Anisonyx pauperatus

Scientific classification
- Kingdom: Animalia
- Phylum: Arthropoda
- Clade: Pancrustacea
- Class: Insecta
- Order: Coleoptera
- Suborder: Polyphaga
- Infraorder: Scarabaeiformia
- Family: Scarabaeidae
- Genus: Anisonyx
- Species: A. pauperatus
- Binomial name: Anisonyx pauperatus Péringuey, 1902

= Anisonyx pauperatus =

- Genus: Anisonyx
- Species: pauperatus
- Authority: Péringuey, 1902

Species of beetle

Anisonyx pauperatus is a species of beetle of the family Scarabaeidae. It is found in South Africa (Eastern Cape, Northern Cape).

== Description ==
Adults reach a length of about 8-9.5 mm.
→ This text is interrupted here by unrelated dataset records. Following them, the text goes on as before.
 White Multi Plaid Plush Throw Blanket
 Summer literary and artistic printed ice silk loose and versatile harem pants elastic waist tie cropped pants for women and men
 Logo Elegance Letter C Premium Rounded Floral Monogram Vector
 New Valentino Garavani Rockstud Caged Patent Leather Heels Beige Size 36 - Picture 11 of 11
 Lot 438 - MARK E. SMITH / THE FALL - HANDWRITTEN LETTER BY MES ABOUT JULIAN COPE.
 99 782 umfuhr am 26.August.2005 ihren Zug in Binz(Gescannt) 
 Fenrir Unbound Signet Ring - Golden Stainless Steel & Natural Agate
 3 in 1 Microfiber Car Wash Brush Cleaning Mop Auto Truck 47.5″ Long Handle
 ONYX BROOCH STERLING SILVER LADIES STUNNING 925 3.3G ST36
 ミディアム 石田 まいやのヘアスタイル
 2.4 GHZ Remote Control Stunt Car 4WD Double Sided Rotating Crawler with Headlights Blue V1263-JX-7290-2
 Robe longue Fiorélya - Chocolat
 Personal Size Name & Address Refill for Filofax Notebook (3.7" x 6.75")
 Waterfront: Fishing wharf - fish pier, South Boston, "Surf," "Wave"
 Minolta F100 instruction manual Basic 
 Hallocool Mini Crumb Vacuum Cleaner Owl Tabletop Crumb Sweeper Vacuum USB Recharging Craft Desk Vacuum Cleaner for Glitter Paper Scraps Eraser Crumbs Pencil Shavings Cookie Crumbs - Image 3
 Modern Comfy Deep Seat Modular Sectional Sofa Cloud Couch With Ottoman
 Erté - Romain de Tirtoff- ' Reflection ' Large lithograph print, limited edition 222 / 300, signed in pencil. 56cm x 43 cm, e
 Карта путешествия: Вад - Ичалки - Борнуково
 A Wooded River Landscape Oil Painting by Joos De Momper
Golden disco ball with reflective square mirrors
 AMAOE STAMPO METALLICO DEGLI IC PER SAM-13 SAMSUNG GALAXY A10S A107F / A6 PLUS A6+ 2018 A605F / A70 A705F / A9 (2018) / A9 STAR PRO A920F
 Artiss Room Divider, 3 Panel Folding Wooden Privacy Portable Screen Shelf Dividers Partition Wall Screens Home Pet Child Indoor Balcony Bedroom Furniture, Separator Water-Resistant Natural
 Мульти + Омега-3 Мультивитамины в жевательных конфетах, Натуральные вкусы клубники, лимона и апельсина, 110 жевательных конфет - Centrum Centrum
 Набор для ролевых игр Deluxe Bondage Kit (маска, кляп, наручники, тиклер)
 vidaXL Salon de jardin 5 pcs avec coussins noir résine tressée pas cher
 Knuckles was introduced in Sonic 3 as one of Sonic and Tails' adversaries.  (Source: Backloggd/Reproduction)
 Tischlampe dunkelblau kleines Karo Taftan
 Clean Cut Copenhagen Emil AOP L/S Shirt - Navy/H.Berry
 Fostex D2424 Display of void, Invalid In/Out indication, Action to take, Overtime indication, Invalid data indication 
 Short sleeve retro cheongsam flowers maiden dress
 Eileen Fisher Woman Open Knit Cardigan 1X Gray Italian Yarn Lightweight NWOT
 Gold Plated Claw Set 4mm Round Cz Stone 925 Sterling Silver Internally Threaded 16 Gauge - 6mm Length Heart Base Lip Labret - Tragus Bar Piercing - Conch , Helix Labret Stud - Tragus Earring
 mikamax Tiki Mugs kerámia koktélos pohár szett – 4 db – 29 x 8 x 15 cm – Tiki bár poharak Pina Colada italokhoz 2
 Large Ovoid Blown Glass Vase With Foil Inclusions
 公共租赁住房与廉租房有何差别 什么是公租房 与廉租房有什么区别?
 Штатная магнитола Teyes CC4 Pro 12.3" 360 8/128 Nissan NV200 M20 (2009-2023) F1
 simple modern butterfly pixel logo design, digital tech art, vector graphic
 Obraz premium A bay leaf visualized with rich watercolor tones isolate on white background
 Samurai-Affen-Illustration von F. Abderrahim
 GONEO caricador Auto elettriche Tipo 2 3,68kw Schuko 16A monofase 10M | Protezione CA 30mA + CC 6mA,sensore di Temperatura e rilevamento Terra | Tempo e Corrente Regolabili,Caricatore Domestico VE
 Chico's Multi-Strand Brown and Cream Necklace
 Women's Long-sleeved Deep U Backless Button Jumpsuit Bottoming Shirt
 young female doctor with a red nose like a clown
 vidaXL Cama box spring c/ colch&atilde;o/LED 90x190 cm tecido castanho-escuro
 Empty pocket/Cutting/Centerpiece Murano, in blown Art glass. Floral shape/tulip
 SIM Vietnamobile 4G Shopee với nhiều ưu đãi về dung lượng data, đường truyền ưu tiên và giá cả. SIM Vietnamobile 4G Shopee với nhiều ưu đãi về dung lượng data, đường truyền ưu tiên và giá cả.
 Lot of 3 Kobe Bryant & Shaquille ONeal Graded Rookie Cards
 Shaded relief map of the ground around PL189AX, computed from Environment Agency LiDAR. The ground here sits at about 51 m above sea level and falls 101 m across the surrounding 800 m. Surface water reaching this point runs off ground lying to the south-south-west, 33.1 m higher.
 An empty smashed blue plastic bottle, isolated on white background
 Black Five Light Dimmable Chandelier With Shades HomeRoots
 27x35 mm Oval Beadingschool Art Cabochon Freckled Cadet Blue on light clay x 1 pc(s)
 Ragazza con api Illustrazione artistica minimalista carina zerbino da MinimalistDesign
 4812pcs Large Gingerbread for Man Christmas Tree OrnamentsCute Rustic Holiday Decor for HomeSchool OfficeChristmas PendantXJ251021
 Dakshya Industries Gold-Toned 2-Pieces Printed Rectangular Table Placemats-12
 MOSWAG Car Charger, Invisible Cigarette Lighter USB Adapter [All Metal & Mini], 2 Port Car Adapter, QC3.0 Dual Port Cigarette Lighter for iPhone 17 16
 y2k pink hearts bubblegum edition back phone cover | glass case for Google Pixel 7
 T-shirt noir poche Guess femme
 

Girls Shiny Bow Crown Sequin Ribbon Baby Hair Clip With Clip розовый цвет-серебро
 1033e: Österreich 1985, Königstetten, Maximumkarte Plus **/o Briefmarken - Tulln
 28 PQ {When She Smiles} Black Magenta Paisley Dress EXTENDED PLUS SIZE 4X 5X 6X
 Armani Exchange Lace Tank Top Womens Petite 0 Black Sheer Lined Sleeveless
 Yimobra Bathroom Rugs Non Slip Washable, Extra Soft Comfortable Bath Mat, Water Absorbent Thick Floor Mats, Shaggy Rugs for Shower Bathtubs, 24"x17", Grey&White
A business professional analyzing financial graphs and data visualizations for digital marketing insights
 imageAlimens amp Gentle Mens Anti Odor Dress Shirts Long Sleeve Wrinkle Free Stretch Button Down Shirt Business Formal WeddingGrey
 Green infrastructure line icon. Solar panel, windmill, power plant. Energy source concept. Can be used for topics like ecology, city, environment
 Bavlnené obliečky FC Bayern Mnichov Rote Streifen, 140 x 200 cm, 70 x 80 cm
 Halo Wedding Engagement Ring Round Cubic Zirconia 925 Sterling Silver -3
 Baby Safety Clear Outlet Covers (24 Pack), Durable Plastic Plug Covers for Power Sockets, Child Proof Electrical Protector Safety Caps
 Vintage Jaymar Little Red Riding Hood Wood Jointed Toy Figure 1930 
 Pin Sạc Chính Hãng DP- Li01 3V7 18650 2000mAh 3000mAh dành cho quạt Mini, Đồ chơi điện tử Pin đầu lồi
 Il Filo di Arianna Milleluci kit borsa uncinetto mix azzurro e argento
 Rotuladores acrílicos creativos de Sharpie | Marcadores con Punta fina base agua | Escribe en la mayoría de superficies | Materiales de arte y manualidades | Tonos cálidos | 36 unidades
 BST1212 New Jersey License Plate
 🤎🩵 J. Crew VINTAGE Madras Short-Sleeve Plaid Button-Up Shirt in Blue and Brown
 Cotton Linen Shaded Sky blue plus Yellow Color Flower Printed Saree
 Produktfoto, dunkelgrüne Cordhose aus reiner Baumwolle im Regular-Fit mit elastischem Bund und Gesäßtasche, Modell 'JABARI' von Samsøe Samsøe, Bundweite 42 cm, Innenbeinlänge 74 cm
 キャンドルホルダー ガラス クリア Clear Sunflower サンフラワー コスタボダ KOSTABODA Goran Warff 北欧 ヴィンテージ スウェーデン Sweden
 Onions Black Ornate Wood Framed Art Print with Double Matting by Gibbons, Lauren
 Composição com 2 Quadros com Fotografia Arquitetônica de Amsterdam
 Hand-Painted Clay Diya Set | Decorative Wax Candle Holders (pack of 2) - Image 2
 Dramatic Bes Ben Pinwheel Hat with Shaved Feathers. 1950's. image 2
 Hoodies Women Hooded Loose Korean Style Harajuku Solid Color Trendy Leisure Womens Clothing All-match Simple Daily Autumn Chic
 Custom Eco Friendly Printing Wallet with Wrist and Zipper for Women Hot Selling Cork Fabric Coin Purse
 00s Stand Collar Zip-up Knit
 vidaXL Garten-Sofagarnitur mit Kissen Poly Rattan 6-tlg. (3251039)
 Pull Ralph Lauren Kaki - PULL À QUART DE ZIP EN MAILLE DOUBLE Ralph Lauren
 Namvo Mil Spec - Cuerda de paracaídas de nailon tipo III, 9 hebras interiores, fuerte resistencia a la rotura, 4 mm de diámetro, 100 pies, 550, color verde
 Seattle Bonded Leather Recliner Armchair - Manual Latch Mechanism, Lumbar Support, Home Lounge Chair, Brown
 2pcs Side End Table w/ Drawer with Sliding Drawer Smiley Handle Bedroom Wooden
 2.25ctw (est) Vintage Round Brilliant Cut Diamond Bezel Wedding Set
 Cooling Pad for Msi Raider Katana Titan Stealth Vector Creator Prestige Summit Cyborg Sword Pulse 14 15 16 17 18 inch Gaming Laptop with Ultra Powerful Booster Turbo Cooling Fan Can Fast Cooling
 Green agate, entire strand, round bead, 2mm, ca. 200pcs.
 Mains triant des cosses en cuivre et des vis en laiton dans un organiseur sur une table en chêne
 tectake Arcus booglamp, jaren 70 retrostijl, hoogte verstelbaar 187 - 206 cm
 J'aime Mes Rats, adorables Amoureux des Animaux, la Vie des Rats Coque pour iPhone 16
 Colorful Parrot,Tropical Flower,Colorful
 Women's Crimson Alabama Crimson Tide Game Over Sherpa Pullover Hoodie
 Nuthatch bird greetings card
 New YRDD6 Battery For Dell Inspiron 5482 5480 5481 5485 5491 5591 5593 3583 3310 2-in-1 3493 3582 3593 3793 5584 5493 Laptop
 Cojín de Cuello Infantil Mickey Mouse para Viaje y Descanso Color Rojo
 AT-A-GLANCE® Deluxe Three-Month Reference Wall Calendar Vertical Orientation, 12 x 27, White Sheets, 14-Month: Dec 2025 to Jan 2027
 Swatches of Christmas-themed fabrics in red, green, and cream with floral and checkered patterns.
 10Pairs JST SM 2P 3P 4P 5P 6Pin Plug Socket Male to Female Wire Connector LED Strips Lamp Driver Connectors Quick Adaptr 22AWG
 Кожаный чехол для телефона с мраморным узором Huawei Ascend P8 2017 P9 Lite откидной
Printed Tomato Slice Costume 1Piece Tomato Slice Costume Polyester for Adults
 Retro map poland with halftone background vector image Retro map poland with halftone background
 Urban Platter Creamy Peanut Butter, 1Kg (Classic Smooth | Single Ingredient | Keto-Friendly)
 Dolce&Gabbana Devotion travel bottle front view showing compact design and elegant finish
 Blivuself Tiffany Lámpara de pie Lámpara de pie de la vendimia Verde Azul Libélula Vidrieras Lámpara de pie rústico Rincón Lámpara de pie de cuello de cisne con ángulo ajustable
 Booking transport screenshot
They are black, with the head and pronotum clothed with dense, long, black hairs. The pronotum is sprinkled with a few greenish-blue scales and the elytra are clothed with long, greyish black hairs intermingled with a few white, bristly ones, and have here and there scattered bluish scales which, however, are denser along the outer margin. The propygidium, pygidium and abdomen are clothed with similar scales which and the pygidium is also clothed with black and white long hairs.